Exercise requirements:
Write out exactly the lines from the one with "Stunning Pak Persian" through the last line of the data below, but not the pictures.

Records drawn from a dataset:

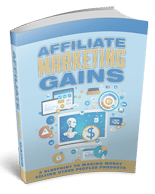 Affiliate Marketing Gains eBook cover design.
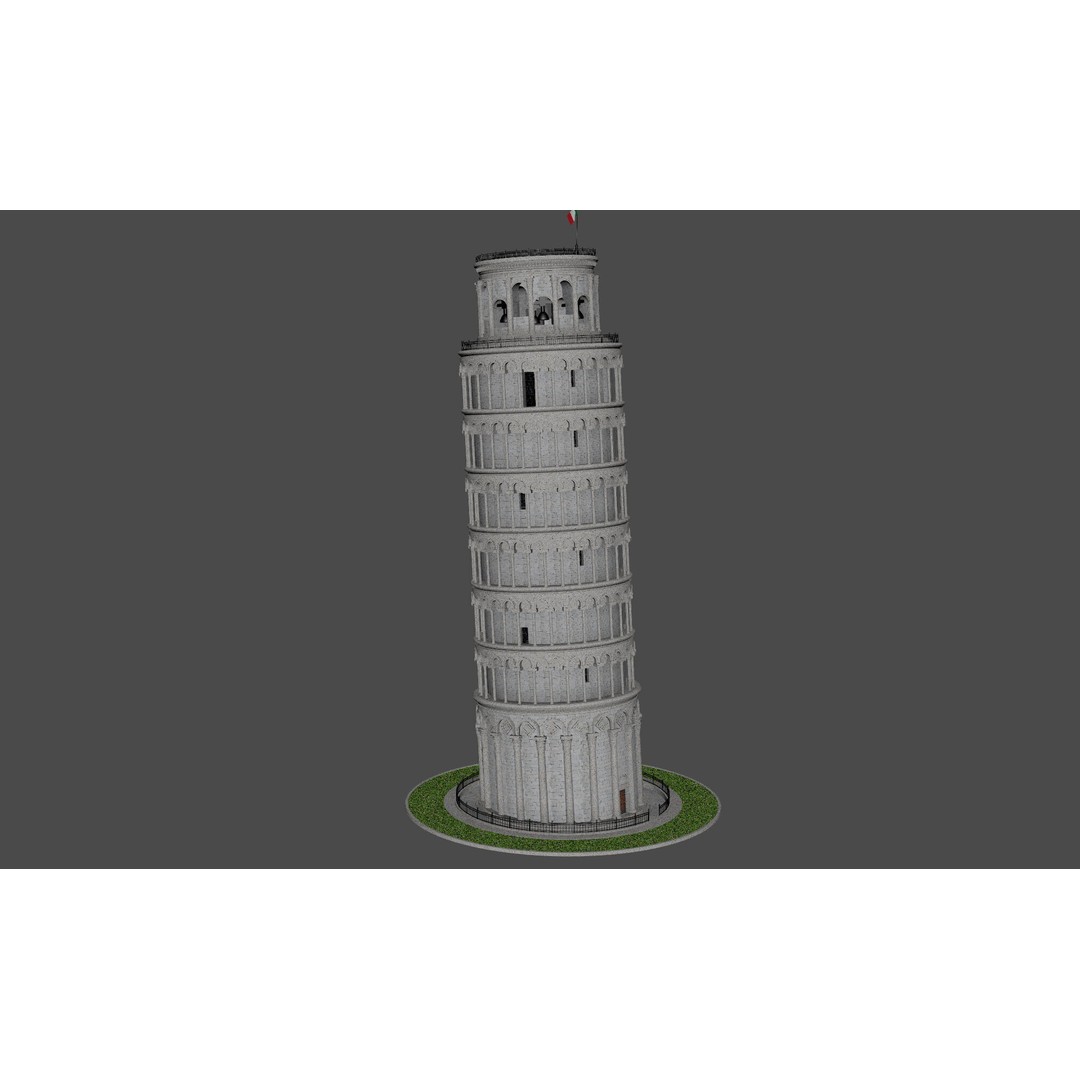 Tower of Pisa 3D Model – Detailed Landmark Asset, FBX, OBJ, Blender - View 9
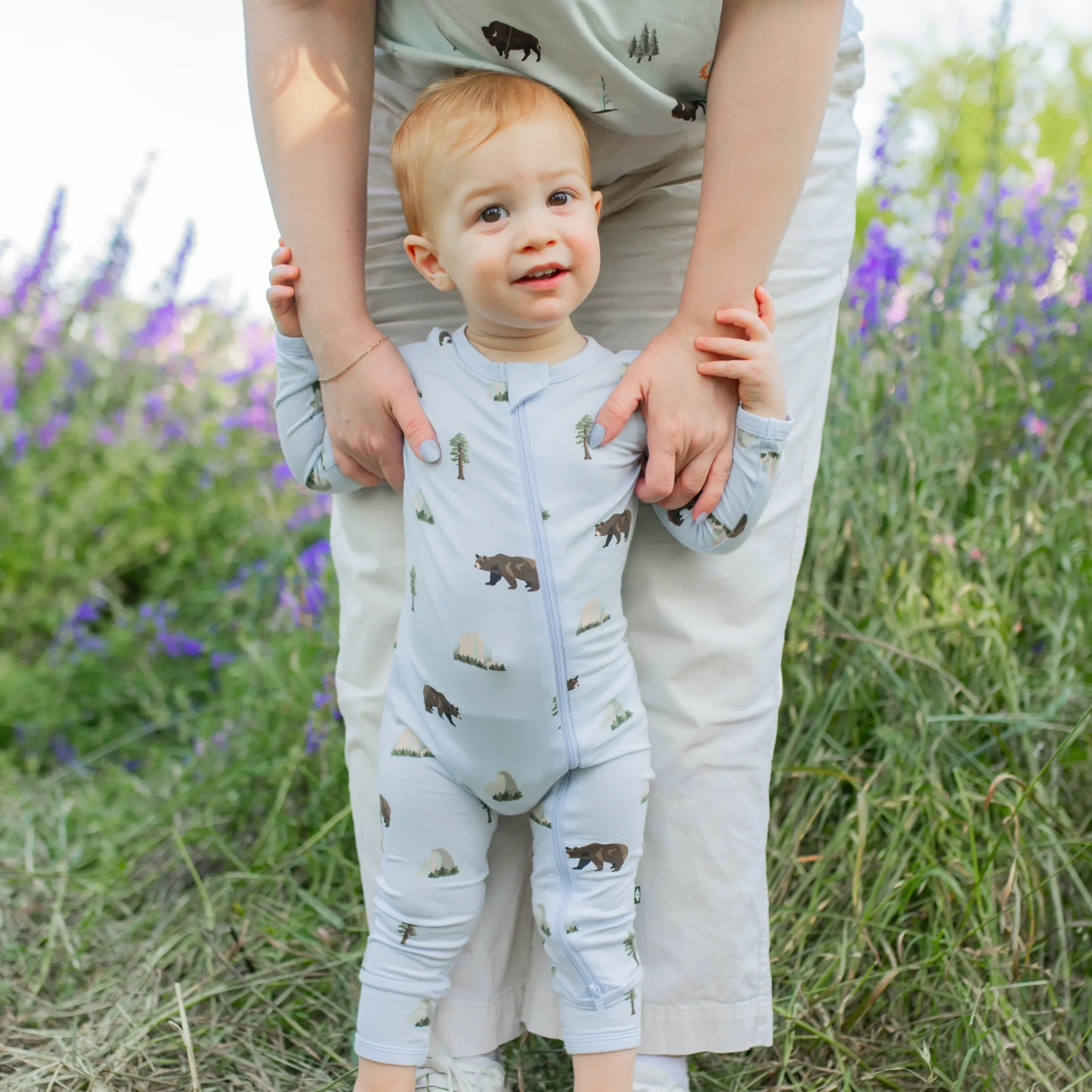 Clearance Kyte Baby Zippered Romper in Yosemite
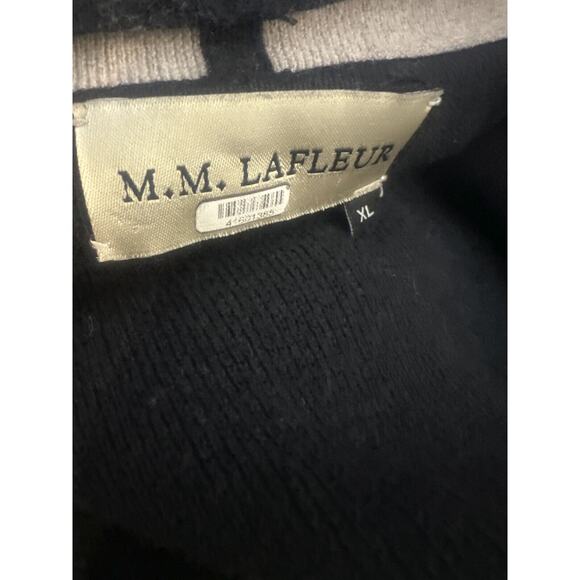 MM LaFleur O'Keeffe Sweater Cardigan Wool Silk Cashmere Duster XL *MISSING BELT* - Picture 11 of 16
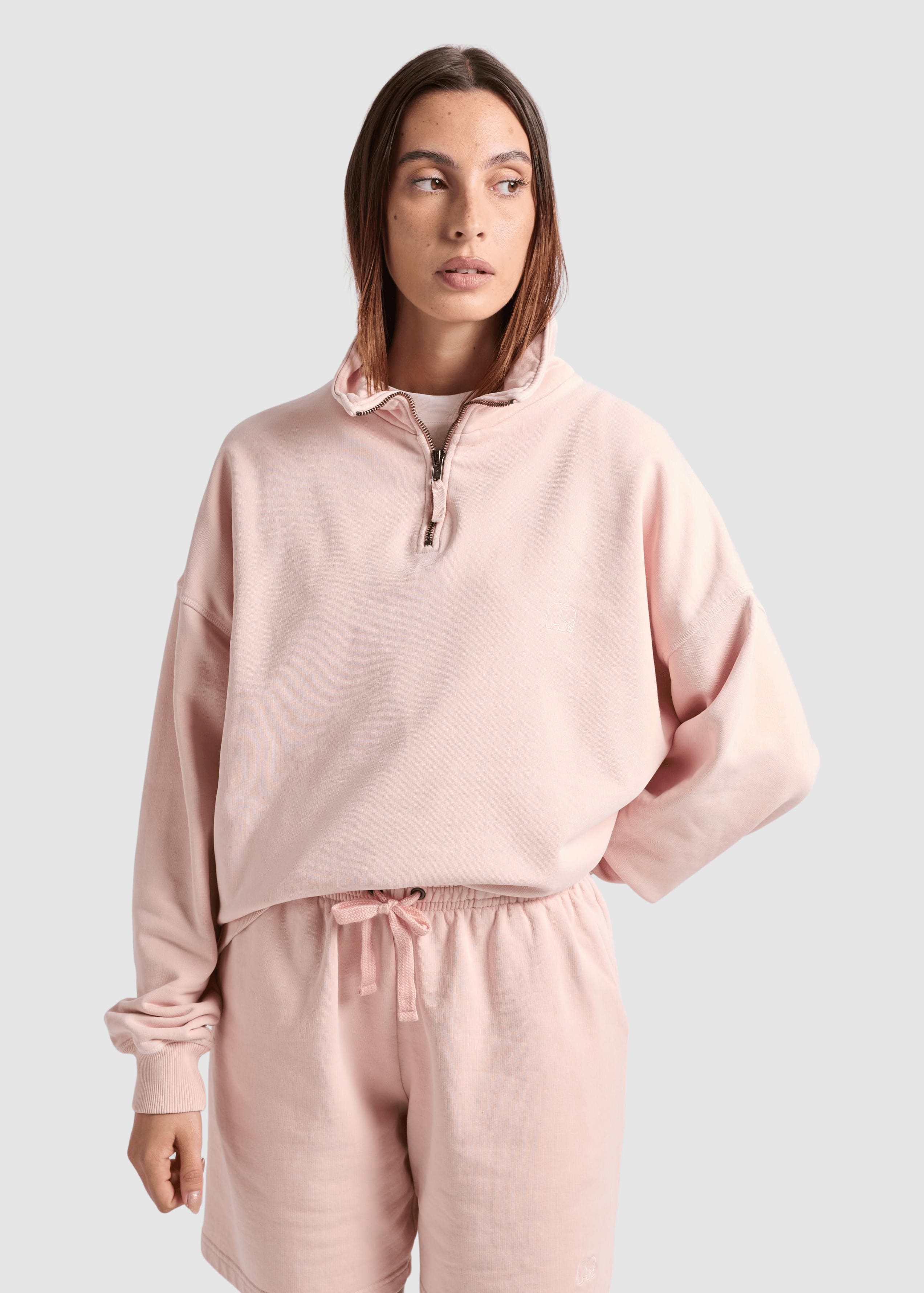trendsplant-women-s-sunwashed-essential-quarter-zip-sweatshirt-lotus-pink-1.jpeg Women's Sunwashed Essential Quarter Zip Sweatshirt Lotus Pink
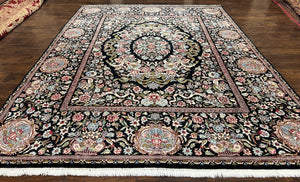 Stunning Pak Persian Floral Rug 8x10, Highly Detailed Elegant Floral Wool Carpet, Aubusson European Design, Wool, Traditional Vintage Rug - Jewel Rugs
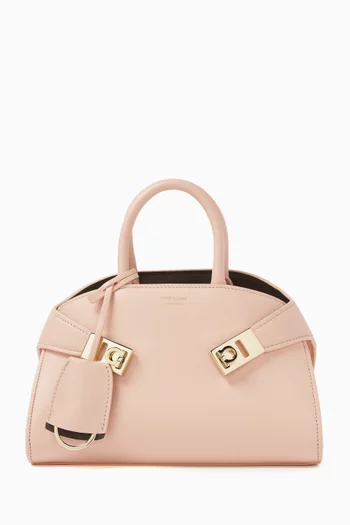 Small Hug Top Handle Bag in leather
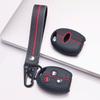 Silikonowe etui na kluczyk z 3 przyciskami i brelokiem do Ford Focus Fiesta Mondeo Fusion Escape, Pasuje do Ford Focus Fiesta Mondeo Escape, Akcesorium ochronne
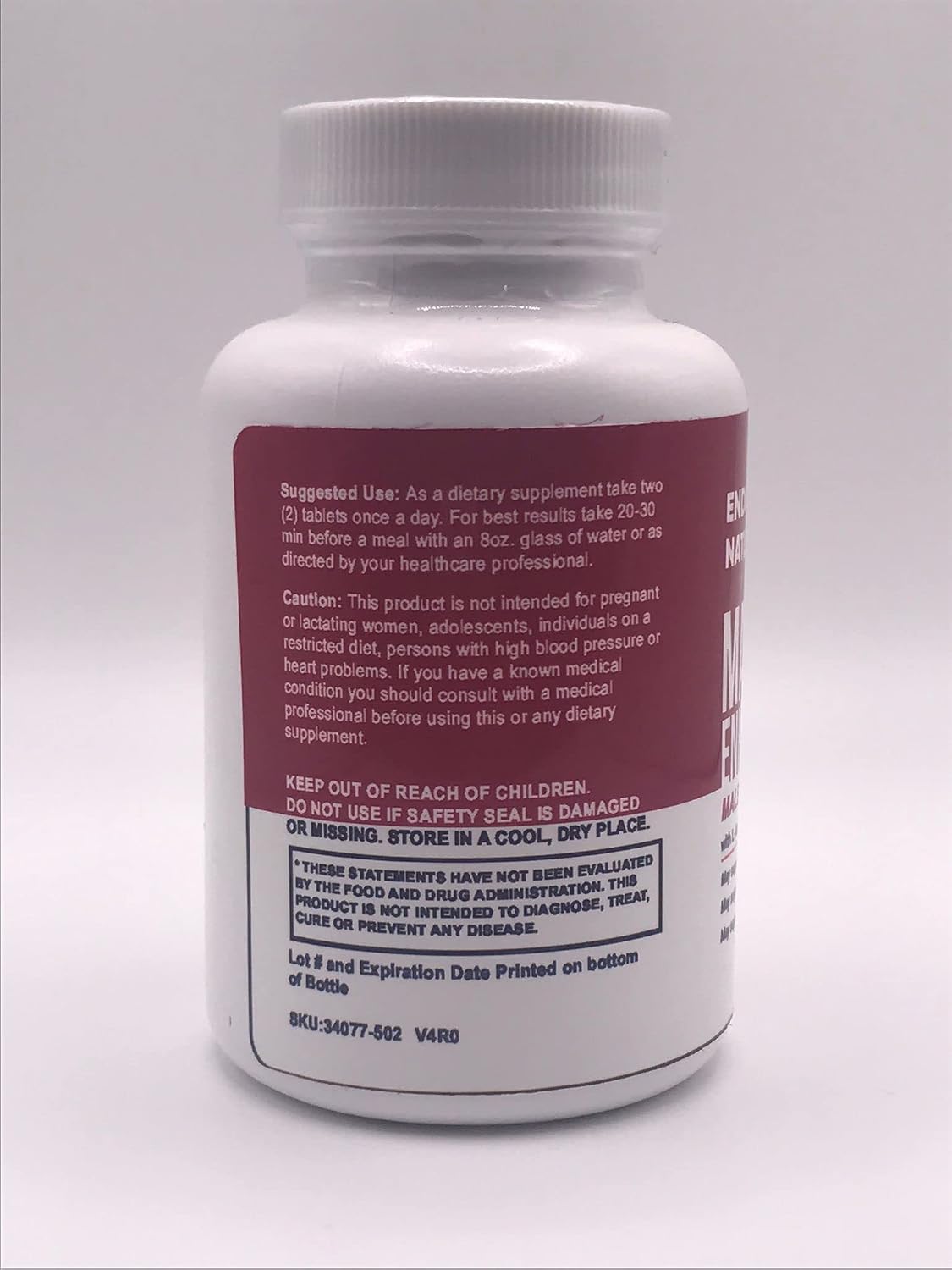 Zonata Endura Naturals Strength Support Male Supplement – 60 Capsules - görsel 4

Written reply:
 Stunning Pak Persian Floral Rug 8x10, Highly Detailed Elegant Floral Wool Carpet, Aubusson European Design, Wool, Traditional Vintage Rug - Jewel Rugs
 Small Hug Top Handle Bag in leather
 Silikonowe etui na kluczyk z 3 przyciskami i brelokiem do Ford Focus Fiesta Mondeo Fusion Escape, Pasuje do Ford Focus Fiesta Mondeo Escape, Akcesorium ochronne
 Zonata Endura Naturals Strength Support Male Supplement – 60 Capsules - görsel 4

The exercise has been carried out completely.